6. Then there is another 8 days mirasi pujari right which appears to have been purchased in the year 1912. This would presumably be joint family property because at that time the joint family existed, and it would lie on the 1st defendant to show that it was purchased out of his self-acquired property and that therefore the plaintiff was not entitled to a share. There is no suggestion of any such thing here, and we must hold that 8 days mirasi pujari right is joint family property subject to partition.
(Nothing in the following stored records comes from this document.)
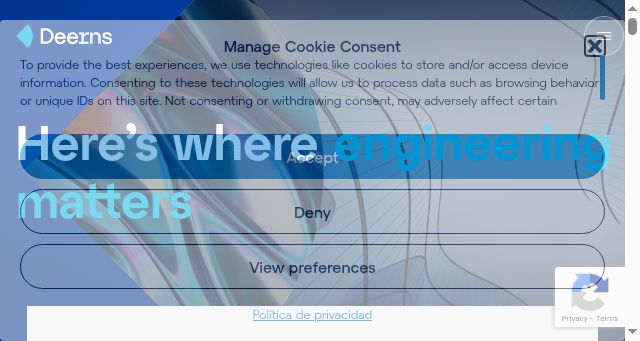 Screenshot of deerns.com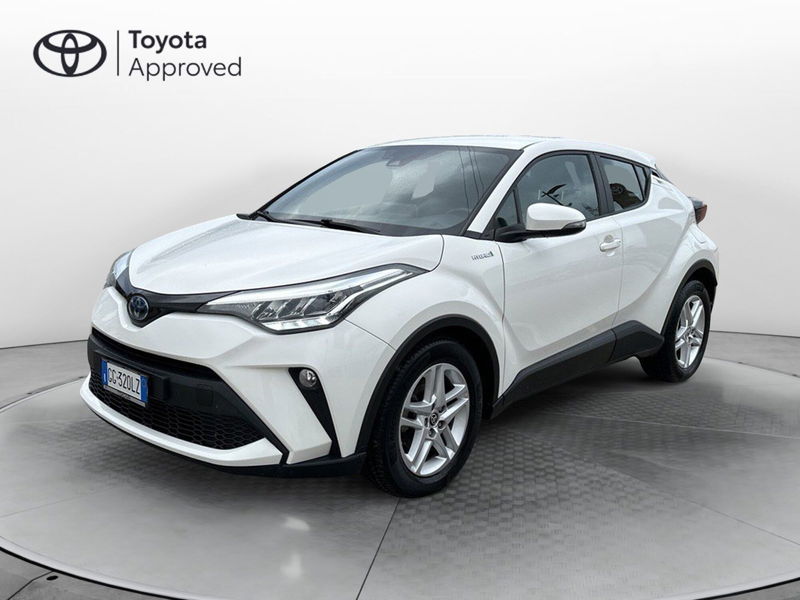 Toyota Toyota C-HR 1.8 Hybrid E-CVT Active  del 2022 usata a Ragusa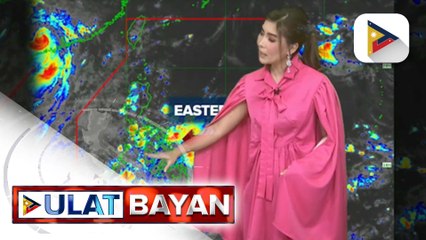 Habagat, bahagyang humina | ulat ni Ice Martinez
7. There is another small item 13 in the schedule to Ex. I which is item 24 in the plaint. With regard to this there is very little evidence at all. The lower appellate court had said that it is included in Ex. 1 which amounts to an admission that whether it was ancestral property originally or not, it has been treated as ancestral property, We think that in the absence of any other evidence this indication must be accepted and therefore this item 24 will be treated as joint family property.
8. The only other question argued was as to the sum of money which is alleged to have been spent on item 23 This question will not arise owing to the finding that this item 23, descended from the maternal grand-father and is therefore not partible.
9. The preliminary decree will be modified in accordance with the above directions. Each party will bear their own costs.
10. I agree and have nothing to add.